In a novel way. Oh my goodness, I never—stupid me—never made the connection between the two meanings of the word. A novel is something that talks about life in a novel way. There must be surprise and unpredictability. The same, only different. How much same and how much different? In a genre novel, very likely much of it is the same as others in its genre; if any of the rigid conventions of the genre are broken, it’s quite possible that the reader will feel badly disappointed. On the other hand, the need for surprise somewhere in the book is even greater, because of the necessity of distinguishing itself from the rest of its similar genre-soaked companions. So a genre book depends heavily on one twist, usually at the end, that does all the heavy lifting. If that twist doesn’t work, then the book has little value. To take the murder mystery example above, if the reader doesn’t appreciate the ingenuity of the solution to the multiple murder mystery, then as far as the reader is concerned, the time spent reading has been wasted.
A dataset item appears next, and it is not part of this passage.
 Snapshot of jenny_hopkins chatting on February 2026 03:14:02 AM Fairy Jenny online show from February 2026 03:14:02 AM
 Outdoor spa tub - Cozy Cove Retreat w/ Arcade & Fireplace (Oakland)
But in literary fiction, the balance is different, there’s much more unpredictability. As a writer I am most happy when I surprise myself as I go along, because I know that if I am happily surprised as I am writing, then perhaps the reader will be pleasantly surprised as well. A tale full of sound and fury that’s been told before in the same way? Well, that signifies nothing.
The balance of those two imperatives—truth and novelty—is something that I must continually weigh as I continue to revise my manuscript. I can’t allow myself to be seduced by one side to the exclusion of the other. There must be both throughout the manuscript.
A novel should speak the recognizable unspoken truth in a novel way.